Todo se achica de cara a la eternidad. Por larga que parezca, nuestra vida es un punto en medio de la eternidad.

 

La eternidad

Ahora bien, inmersos, como estamos, en el tiempo, nos resulta imposible imaginar la eternidad. Por defecto de experiencia, pensamos en la eternidad como un tiempo infinito. Al pensar así somos como ciegos describiendo el arcoíris. Tal vez habría que pensar más bien en un instante perpetuo, lo cual también nos resulta inimaginable.

En este penúltimo domingo del tiempo ordinario, la liturgia nos pone frente a la eternidad. Eternidad que será inaugurada definitiva y plenamente con la segunda venida de Cristo, que la tradición bíblica y teológica ha llamado «parusía» (del griego: «venida, llegada»).

Jesús describe su parusía en tono apocalíptico, con repercusiones cósmicas y escatológicas –es decir, que tienen que ver con las realidades últimas de la existencia humana–. Por eso, el evangelio ofrece un cuadro en el que el sol, la luna, las estrellas y el universo entero participan, a su modo, de ese momento culmen de la historia.

La actitud correcta

Al describir así su segunda venida, ¿quiere Jesús asustarnos? ¿Quiere que «no queramos» que venga Él algún día por segunda vez?

El texto paralelo del evangelio de san Lucas invita a la actitud correcta: «Cuando empiecen a suceder estas cosas, cobrad ánimo y levantad la cabeza porque se acerca vuestra liberación» (Lc. 21, 28).

Pienso que el verdadero objetivo de Cristo, al hablarnos de estas cosas, tiene que ver más bien con el sentido y el valor de nuestra vida.

En otras palabras, la perspectiva del fin del mundo y de la eternidad es una motivación profunda para relativizarlo todo, valorar el tiempo y estar siempre preparados.

Relativizarlo todo

San Pablo escribe: «pasa la apariencia de este mundo» (1 Cor. 7 – 31). Es decir, todo es pasajero. Tu etapa de estudios es pasajera, tu puesto de trabajo es pasajero, tu juventud es pasajera, tus éxitos son pasajeros, tu belleza es pasajera, tu diversión es pasajera, cualquier pena o dolor es pasajero. Aunque durara toda una vida.
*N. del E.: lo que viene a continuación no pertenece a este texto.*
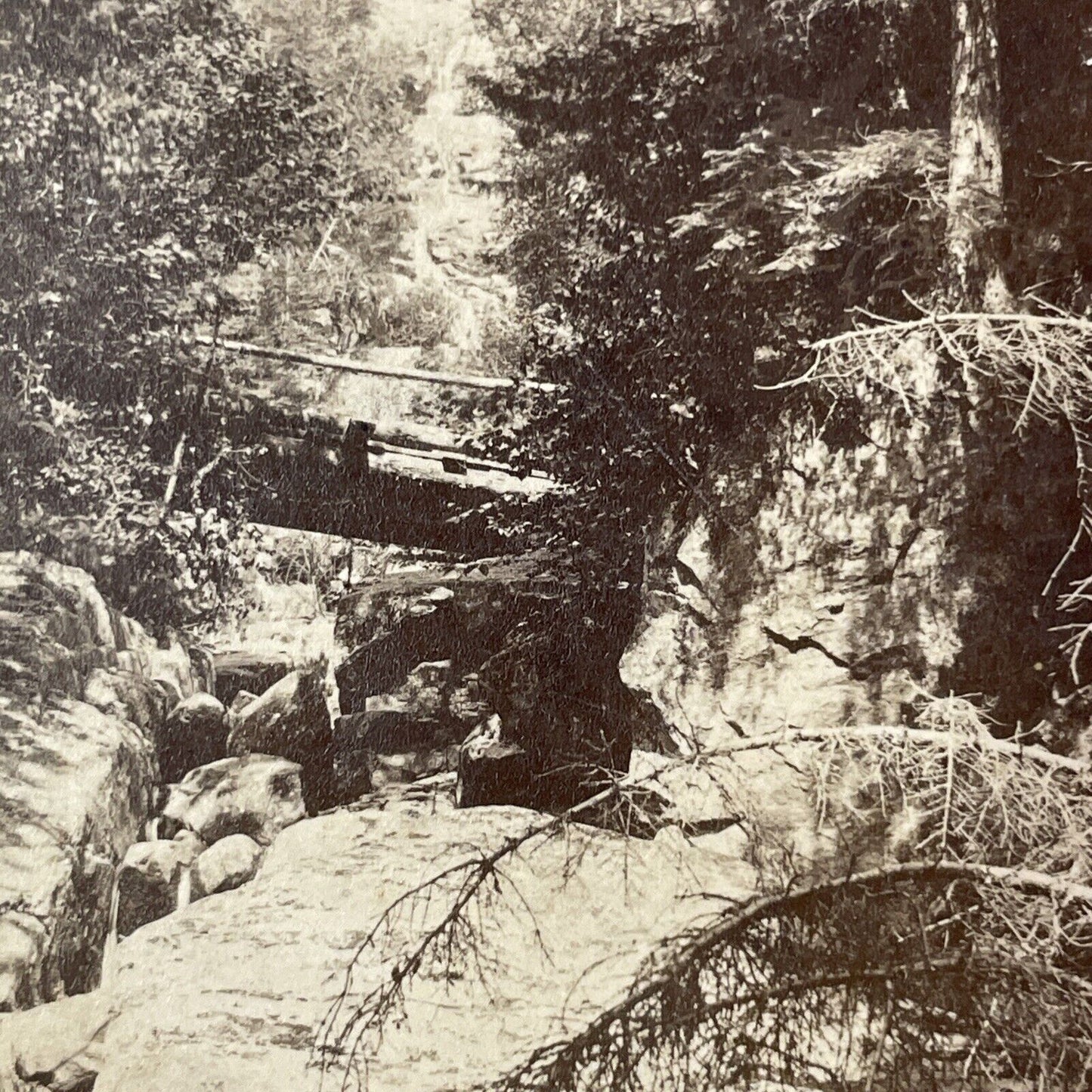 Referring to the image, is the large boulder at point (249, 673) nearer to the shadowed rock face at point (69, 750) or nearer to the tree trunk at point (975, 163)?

Todo tiene un final. También el sufrimiento. Santa Teresa lo expresó admirablemente en su célebre poema: «Nada te turbe; nada te espante; todo se pasa…». El saber que tarde o temprano tendremos que levar anclas y partir le quita presión a nuestra vida, aunque, por otro lado, le dé también urgencia.

Para quien tiene fe, ni la muerte ni el fin del mundo son una desgracia. De hecho, son el paso a nuestro verdadero destino. «Ella –la muerte– vela sobre nosotros con un amor devorador… Ella ilumina la vida como un «magnífico sol negro», y nos enseña a vivir», escribía Julien Green.

Y a los que les fascina esta vida, san Gregorio Magno les advierte que sería muy mal viajero aquel que, yendo de camino, se sentara a admirar la belleza del paisaje hasta el punto de olvidar el objetivo de su viaje.

Tal vez por eso nuestro corazón es «anti-caducidad». Es decir, termina por no satisfacerse con nada de lo que encuentra en esta vida; porque todo aquí es caduco y él siempre tiene sed de eternidad.

Valorar el tiempo

La perspectiva de la eternidad nos aviva la conciencia de la fugacidad del tiempo. Una pensadora española, María Lacalle, escribía acertadamente: «La experiencia del tiempo es dolorosa. El tiempo divide y disipa la existencia. En el tiempo todo pasa, fluye y muere. Es una realidad que nos devora».

Ahora bien, el cristianismo ha enriquecido y redimido el tiempo –como lo ha hecho con todo lo humano– dándole un nuevo y esperanzador significado. El tiempo es el espacio de oportunidad que Dios nos concede para alcanzar la madurez como personas.

Madurez que para san Pablo tiene un significado muy concreto: la identificación con Cristo. En sus palabras, hay que «alcanzar la madurez de la plenitud de Cristo» (Ef. 4, 13).

Ahora bien, siendo Cristo el Amor Encarnado, nuestra plenitud y madurez se resuelve en una sencillísima ecuación: vivir es amar. Pero amar con prisa…, porque el tiempo es poco. De nuevo san Pablo, que sentía y vivía esta urgencia en su corazón de apóstol, escribía: «el amor de Cristo nos apremia –nos urge–» (2 Cor. 5, 14).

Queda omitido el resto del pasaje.